A giant “NO DANCING” sign will be installed on JFK Promenade in San Francisco’s Golden Gate Park next week, just across the pedestrianized roadway from the daily roller disco at Skatin’ Place.
Don’t be fooled by the message. Passersby are encouraged to flout the rules and shake their tail feathers to their heart’s content.
Made from recycled billboard vinyl, each of the eight red letters is 12 feet tall, and they’re set on a steel structure 8 feet above the ground—meaning the entire thing will stand 20 feet high and run for 115 feet when it’s completed, likely by Oct. 28. It’s a project from Looking Up Arts, which had installed the sign on the playa for Burning Man this year, much to the delight of people who really like to dance in front of letters that weigh anywhere between 850 and 1,400 pounds.
“The kind of twist is it’s a two-layer piece,” said Looking Up co-founder Cody Smith. “The outer layer you can see from far away, and people think it’s cheeky that someone would tell you not to dance. Then you look closer, and there’s the story of someone’s life who’s been affected by rules of oppression: banished, expelled, incarcerated, outcast.”
That’s the inner layer, nine brief stories of individuals, some from San Francisco, that can only be read up close. Smith, who is “N1”—meaning the N in “NO,” as there are two other N’s—says the team went for as wide a range of people as they could.

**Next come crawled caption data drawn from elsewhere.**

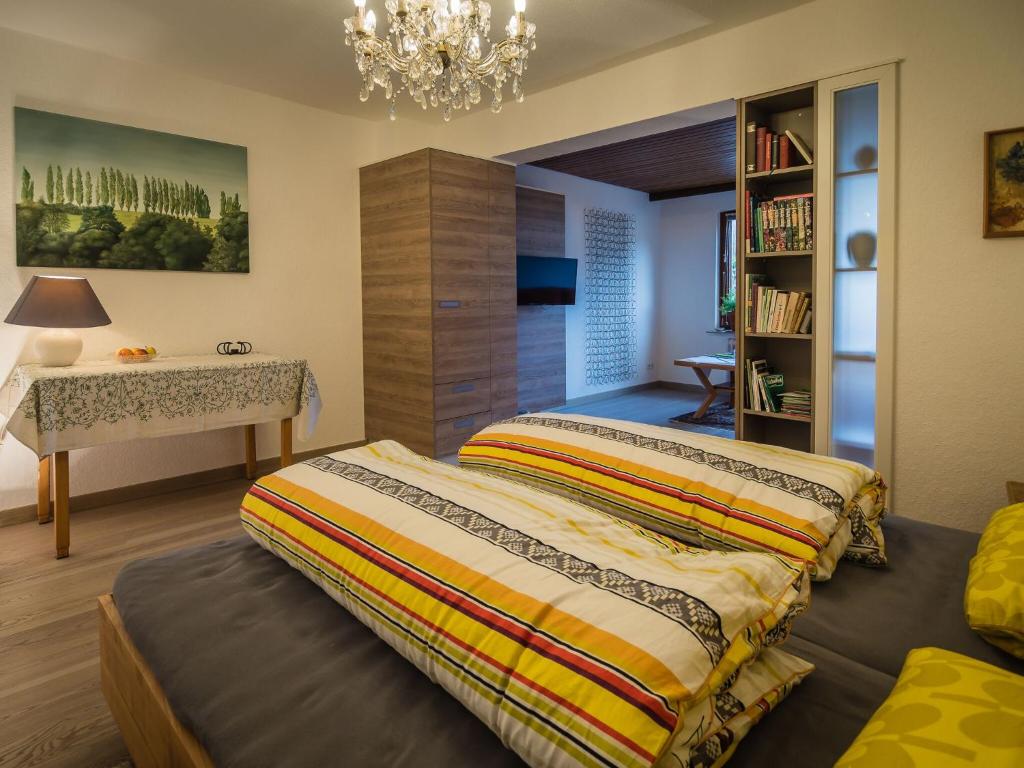 1 Schlafzimmer mit 2 Betten, einem Schreibtisch und einem Kronleuchter in der Unterkunft Antel 42 in Andernach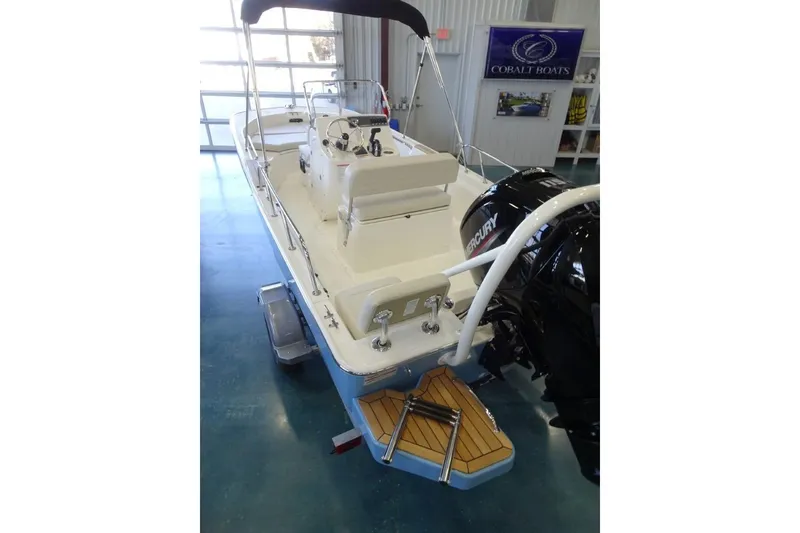 Slide: The Image of 2026 Boston Whaler 170 Montauk boat with Mercury engine in showroom. - 9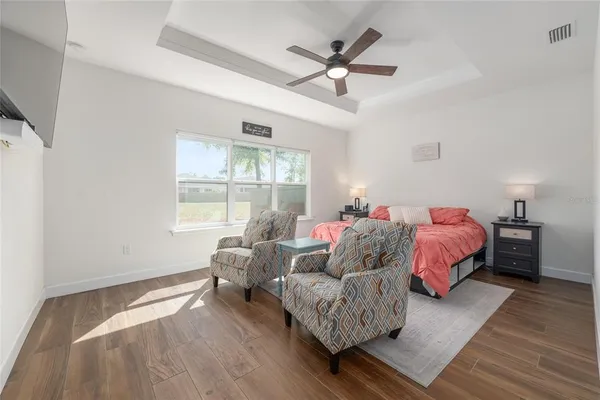 a spacious bedroom with a bed couch and window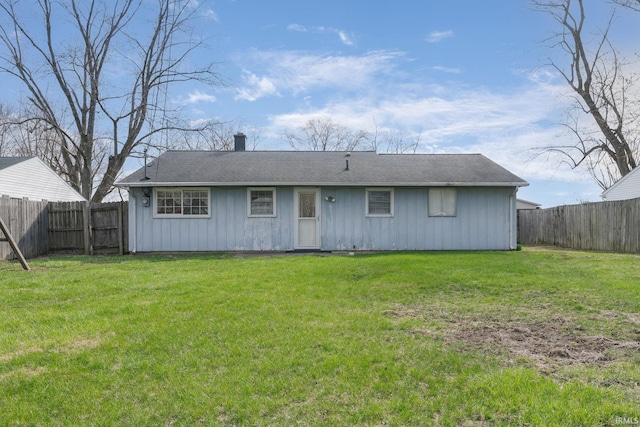 5621 Council Ring Blvd, Kokomo, IN 46902 - rear view of property featuring board and batten siding and a chimney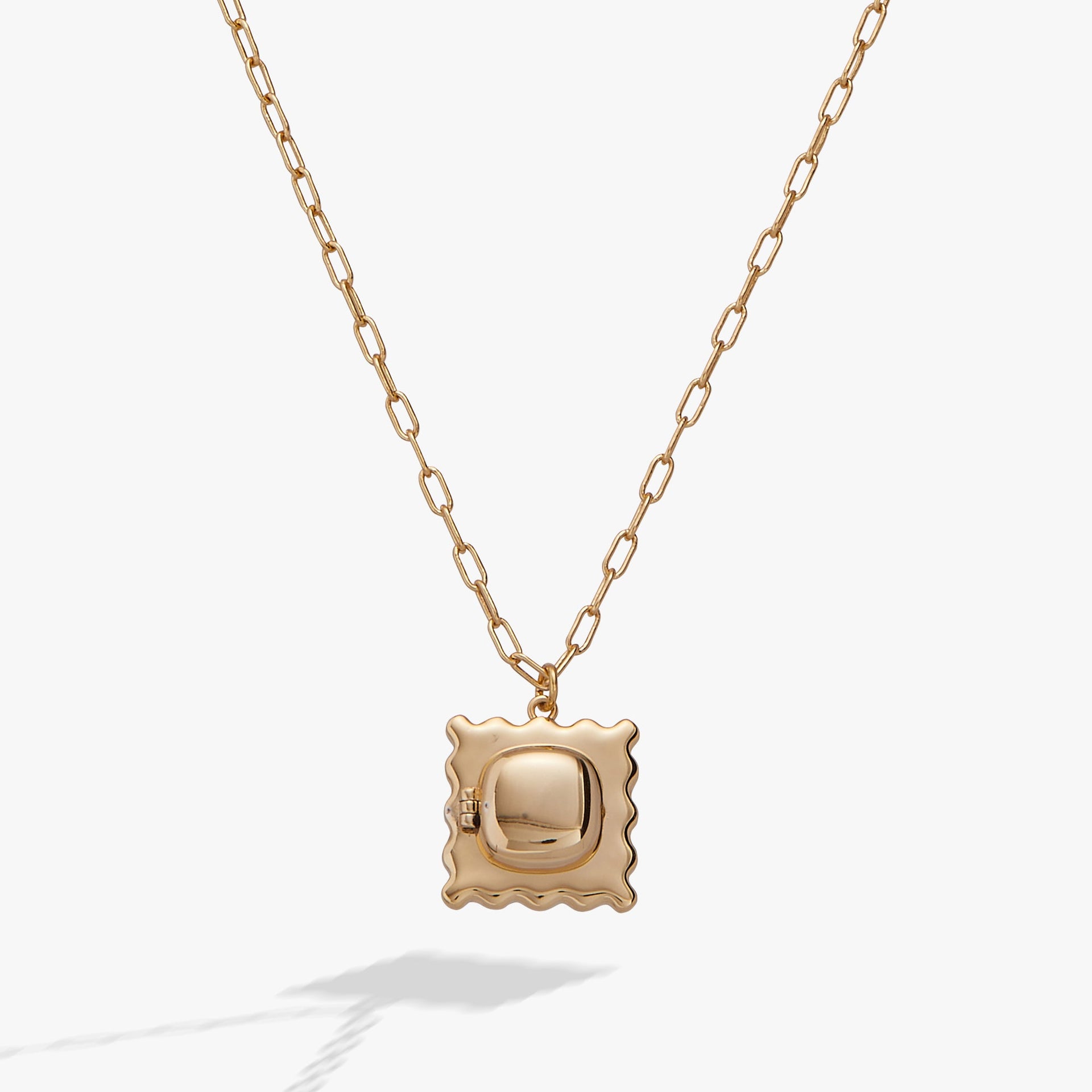 Gold ravioli shaped locket pendant necklace with red enamel tomato detail on a cable chain.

The O is a testament to overcoming obsessive-compulsive disorder. The A was an ex-Mormon woman who turned to dance when the church would not provide solace as her marriage failed. The G is from a lesbian who had a difficult coming-out, and queer couples would cluster around it in Black Rock City, dancing together.
Smith’s hope is that these stories are potent enough to touch hearts and, along with the height, dissuade any would-be taggers. But he’s got degreaser ready, just in case.
Tamara Aparton, a spokesperson for the San Francisco Recreation and Park Department, confirmed that “NO DANCING” is sanctioned by the city, as the latest component of JFK Drive’s Golden Mile, which for the last year has had Doggie Diner heads, pianos and yellow Adirondack chairs sprinkled throughout a section of the park.
The Golden Mile, in turn, was a project from Illuminate, the San Francisco nonprofit arts organization that’s mounted large-scale works like Market Street’s Pride Month rainbow lasers and the now-dark Bay Lights. Wizards at getting permission from the city to do ambitious stuff, Illuminate and its leader Ben Davis helped fund some of the labor, with volunteers covering much of the rest.
“Illuminate championed the vision for bringing it onto JFK Promenade, aka the Golden Mile, across from the Skatin’ Place,” Davis told The Standard.
In the meantime, the letters are labor-intensive to install, having gotten rusty at the Burn. As they’ll be in place for at least a year, fastening them to the steel requires pulling them tight, like a corset.
“We had to get a proper layer of Rust-Oleum put on the metal before we stretched the billboard vinyl back over the frame,” Smith said. “The lacing goes through fingers, like paper dolls that wrap on the edge. It takes many hours of work.”